Mais toute la difficulté de l’histoire et de la situation, qui constitue l’intérêt fondamental du roman, réside précisément dans cet adjectif, « simple »…ainsi que Laura s’efforce de l’expliquer, avec beaucoup de distance et de lucidité, aux policiers, un tantinet perplexes et perturbés durant son audition.

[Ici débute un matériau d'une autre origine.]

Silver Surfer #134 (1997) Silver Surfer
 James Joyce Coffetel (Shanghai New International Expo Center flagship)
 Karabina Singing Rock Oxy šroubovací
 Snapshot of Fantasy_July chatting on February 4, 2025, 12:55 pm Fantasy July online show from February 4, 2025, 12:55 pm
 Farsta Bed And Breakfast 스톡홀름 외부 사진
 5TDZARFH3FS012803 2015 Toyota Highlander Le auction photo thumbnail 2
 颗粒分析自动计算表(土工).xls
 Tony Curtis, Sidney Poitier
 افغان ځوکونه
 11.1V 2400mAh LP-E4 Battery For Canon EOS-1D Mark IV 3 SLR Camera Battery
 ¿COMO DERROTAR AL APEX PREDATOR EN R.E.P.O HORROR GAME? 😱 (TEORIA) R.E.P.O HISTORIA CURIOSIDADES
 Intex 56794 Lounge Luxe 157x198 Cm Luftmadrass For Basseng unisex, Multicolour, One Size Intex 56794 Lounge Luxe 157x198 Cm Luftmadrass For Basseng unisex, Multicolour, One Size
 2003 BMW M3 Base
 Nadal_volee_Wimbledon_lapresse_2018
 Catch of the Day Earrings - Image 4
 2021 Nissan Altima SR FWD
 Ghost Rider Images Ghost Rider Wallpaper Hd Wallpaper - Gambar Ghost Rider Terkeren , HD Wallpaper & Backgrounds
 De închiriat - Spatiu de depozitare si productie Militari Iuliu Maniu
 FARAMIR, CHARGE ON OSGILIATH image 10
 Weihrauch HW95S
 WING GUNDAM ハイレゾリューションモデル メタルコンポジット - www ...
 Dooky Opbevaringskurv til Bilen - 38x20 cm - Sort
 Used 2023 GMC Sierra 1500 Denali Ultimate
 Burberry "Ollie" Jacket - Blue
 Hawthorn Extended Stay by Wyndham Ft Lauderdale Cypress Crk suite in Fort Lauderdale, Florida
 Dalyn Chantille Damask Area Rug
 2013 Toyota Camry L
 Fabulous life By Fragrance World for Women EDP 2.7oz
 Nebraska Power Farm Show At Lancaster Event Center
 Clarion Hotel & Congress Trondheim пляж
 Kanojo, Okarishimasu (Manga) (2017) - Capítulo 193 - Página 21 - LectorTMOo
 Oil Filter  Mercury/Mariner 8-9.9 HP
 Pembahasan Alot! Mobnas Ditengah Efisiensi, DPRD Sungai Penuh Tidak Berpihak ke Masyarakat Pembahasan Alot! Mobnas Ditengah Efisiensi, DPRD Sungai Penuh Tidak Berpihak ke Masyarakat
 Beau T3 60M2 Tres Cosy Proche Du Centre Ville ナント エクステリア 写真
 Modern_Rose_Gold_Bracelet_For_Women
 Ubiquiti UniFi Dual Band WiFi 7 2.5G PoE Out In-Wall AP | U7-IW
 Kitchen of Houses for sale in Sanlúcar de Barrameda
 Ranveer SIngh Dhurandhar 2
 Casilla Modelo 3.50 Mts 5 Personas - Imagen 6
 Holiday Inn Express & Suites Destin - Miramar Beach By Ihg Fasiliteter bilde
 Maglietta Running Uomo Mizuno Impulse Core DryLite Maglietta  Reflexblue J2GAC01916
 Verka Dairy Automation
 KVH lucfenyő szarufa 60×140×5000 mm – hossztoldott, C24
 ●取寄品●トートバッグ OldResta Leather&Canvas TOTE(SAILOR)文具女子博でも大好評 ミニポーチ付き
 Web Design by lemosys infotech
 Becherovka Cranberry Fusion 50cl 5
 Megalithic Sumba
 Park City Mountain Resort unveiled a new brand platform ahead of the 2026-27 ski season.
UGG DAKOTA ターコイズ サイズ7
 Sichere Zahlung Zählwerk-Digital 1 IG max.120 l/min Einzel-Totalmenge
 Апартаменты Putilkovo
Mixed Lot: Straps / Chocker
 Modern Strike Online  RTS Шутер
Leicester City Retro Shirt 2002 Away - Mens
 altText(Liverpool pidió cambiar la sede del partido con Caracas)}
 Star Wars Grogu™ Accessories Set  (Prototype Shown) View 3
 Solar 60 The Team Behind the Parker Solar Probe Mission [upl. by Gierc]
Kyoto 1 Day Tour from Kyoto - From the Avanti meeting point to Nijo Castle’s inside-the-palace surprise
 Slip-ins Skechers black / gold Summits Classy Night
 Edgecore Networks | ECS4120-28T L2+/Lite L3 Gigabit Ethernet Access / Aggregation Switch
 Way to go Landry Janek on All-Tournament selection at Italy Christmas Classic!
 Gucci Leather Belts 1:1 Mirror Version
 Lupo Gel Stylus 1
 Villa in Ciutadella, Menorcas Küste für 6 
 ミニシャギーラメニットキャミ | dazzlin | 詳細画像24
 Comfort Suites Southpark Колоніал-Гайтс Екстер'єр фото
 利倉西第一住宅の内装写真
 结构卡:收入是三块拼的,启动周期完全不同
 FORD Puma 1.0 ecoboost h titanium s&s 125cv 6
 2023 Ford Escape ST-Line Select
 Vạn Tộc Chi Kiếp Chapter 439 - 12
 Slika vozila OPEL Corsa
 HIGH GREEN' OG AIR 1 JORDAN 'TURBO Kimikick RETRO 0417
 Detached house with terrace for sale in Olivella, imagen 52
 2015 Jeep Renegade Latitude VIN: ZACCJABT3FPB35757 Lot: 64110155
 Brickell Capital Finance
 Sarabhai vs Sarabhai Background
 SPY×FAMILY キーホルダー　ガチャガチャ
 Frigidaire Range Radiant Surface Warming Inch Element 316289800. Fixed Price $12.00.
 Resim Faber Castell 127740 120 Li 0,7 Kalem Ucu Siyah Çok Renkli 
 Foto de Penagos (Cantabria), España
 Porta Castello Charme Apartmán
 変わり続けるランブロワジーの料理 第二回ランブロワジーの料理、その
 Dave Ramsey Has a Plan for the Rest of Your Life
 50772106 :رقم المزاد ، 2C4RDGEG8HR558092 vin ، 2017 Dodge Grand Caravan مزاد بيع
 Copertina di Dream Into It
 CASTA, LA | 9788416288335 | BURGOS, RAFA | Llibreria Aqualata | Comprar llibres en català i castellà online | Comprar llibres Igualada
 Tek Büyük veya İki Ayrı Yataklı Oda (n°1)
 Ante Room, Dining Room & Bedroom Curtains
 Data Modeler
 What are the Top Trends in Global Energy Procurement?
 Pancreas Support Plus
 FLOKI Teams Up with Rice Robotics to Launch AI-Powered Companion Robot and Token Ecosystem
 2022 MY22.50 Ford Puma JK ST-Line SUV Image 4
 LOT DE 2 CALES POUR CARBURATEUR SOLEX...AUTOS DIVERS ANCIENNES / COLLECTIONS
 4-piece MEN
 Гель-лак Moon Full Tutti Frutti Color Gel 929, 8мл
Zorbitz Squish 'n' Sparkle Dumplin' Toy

Son témoignage est-il simple, parce que récurrent, hélas ? Simple parce qu’elle ne s’est jamais refusée et n’a pas crié au viol, c’est donc qu’elle le voulait bien, affaire classée et on n’en parle plus !?! Tellement simple parce que c’est forcément « cette salope qui ne pensait (évidemment) qu’à avaler son sexe ; qui l’a aguiché puis envoûté ? Simple, parce que, si l’on gratte le vernis, la surface, si on évite les aprioris et les jugements hâtifs, si on analyse froidement les faits, il peut apparaitre qu’elle ne fut que la proie d’une « machine aux rouages subtils » ? Simple parce que l’on peut évoquer la corruption sexuelle, l’abus de faiblesse, le trafic d’influence ou le proxénétisme ?
Voilà en tout cas un dépôt de plainte qui fait l’effet d’une bombe et qui embarrasse tout autant les policiers que le procureur ou les politiques…
On ne peut que remercier Tanguy Viel d’apporter ainsi sa pierre à cette longue croisade qu’est celle des femmes, avec autant de finesse et de sobriété.